Become a small talk survivor. Small talk survivors turn these situations into opportunities for success. These holiday events all have the potential to become great networking possibilities
Whether you are at a business meet and greet or a neighbor’s holiday get together, you can use conversational skills as a tool with which to build new connections, while avoiding awkward pauses and uncomfortable conversations. After all, any relationship starts with small talk.
The first step in becoming a small talk survivor is realizing just how important conversational skills are. Mastering the art of small talk is not only essential in forming new relationships, but also in creating lasting impressions. With the right approach and preparation anyone can become a skilled conversationalist. Great small talkers are made, not born.
The next time you find yourself at a holiday function, try one of these top ten icebreakers:
- “How do you know the host/hostess”?
- “What are some of your family holiday traditions?”
- “Since we have last gotten together, what is new with your family/work?
- “Tell me about your plans for this holiday season…”
- “What is your favorite thing about the holiday season? Why?”
- “Bring me up to date on what you have coming up/planned for the upcoming year?”
- “Describe your typical holiday festivities…”
- “What special gifts do you have planned to give this year?”
- “What was the best gift you ever received? Why?”
- “How does the holiday season impact your work/industry?”
Once you have broken the ice, follow these important tips to ensure your small talk success:
- Don’t rush through conversations. Take your time and be sure to remember names and use them frequently during conversations.
- Show an interest in every person you meet. By showing an interest you are creating a favorable impression of yourself.
- Be prepared. Before entering an event, take a couple minutes and think of at least three conversation points or topics. If you happen to encounter an uncomfortable silence, these conversation points will always come in handy.
- Always maintain eye contact. Eye contact is an easy way to make others feel comfortable, important, and special.
- Act confident through your body language, even if you are not. Nervous body language can make others uncomfortable and anxious. Try to be aware of your body language throughout conversations.

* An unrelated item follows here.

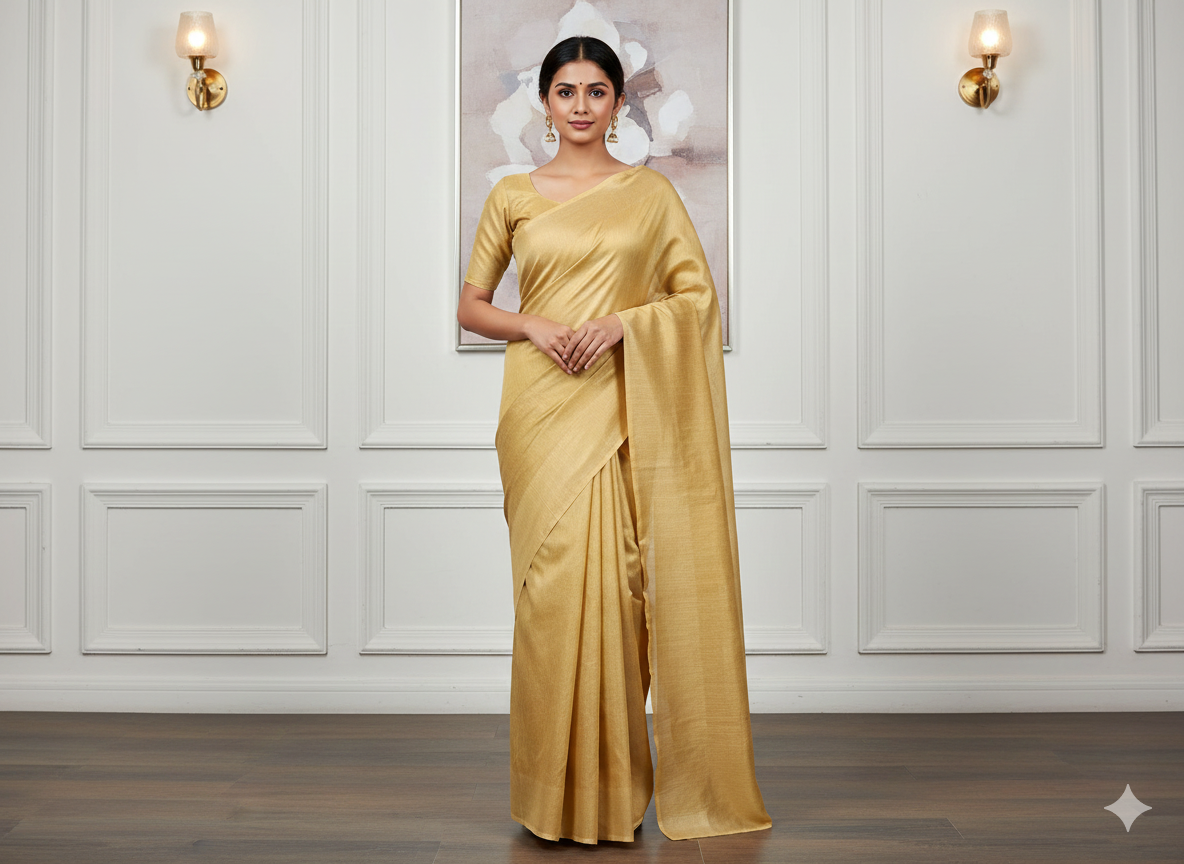 Creamy Yellow Plain Bangalore Raw Silk Fabric  (Wholesale)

- Be a careful listener. By listening intently to what others are saying, you are not only making them feel important, but you can use information you gather to keep the conversation going.
- Make people feel special. People, even shy ones, like to talk about themselves, so let them.
- Don’t steal the show, and don’t let others steal the show either. Try to give everyone in an interaction the opportunity to speak and let their opinions be heard. If someone else is monopolizing a conversation, wait until a pause or that person takes a breath and then makes a comment that can steer the conversation in a new direction. Or include someone who has not been heard from or is new to the conversation by asking, “What is your opinion on this?” or “What are your views on this issue?”
- Be appropriate. In certain settings some topics may not be suitable. And be careful when asking about spouses or relationships, you may end up regretting it.
- Don’t interrogate a conversational partner. Questions like: “Where are you from?” “Are you married?” and “What do you do for a living?” can stop a conversation before it ever really starts.
- Be respectful of the opinions of others. Not everyone agrees on things, and friendly disagreements can be a gateway to a great conversation.
- Have exit lines prepared. You will probably want to mingle with several people around the room.
This holiday season every new face is a new opportunity for conversational success. Don’t find yourself voted off the island, use the tips provided here to help guarantee you will be a small talk survivor!